Soundview Executive Book Summaries
A Matter Of Dogs vs. Cats
Most everyone remembers Pavlov and his salivating dogs from their Psych 101 class. Pavlov trained dogs to salivate at the sound of a bell or various other cues not usually associated with salivation, thereby bestowing on marketing departments the gift of conditioned response. For decades, marketers have been "ringing bells" in the form of advertisements and waiting for customers to salivate.

Conditioned response and mass marketing worked fine when media outlets were limited and so were a customer's choice of retailers; but as far back as the emergence of FM radio, the system has begun to deteriorate and become fragmented. What happens today, ask authors Bryan and Jeffrey Eisenberg, when emerging technologies, such as the Internet and TiVo, have caused a paradigm shift that undermines the mass-marketing model? In short, what happens when modern marketers find they're no longer ringing bells for dogs, but are faced with a bunch of savvy, independent cats?

In Waiting for Your Cat to Bark? the Eisenbergs lay out strategies for marketers to redefine themselves and their approaches in a fragmented market populated by consumers who demand more transparency than ever.
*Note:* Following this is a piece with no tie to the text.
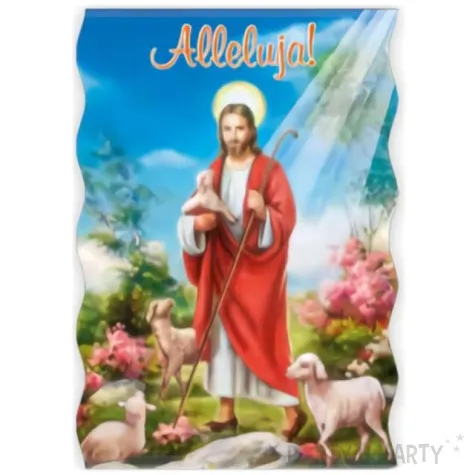 pocztowka alleluja jezus na lace maki 104 x 147 mm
Confidence, Relevance and Overall Experience
Technologies such as cell phones, text messaging, e-mail and the Internet have given consumers access to a wide variety, depth and immediacy of information. The Internet also gives customers access to "niche" businesses that are able to build large customer bases through an online presence that gives them global reach. As a result, marketers are faced with a new landscape where potential customers are not just exposed to the marketing itself and the opinions of a small, geographically-limited circle of family and friends, but now have access to chat rooms, blogs and Web sites containing "word of mouth" testimonials about their products from thousands of customers around the world. In addition, media has become so fragmented that consumers can now essentially customize their own individual media experiences — everyone watches different television channels, listens to different radio stations and visits different Web sites; it's impossible to create one blanket marketing experience anymore.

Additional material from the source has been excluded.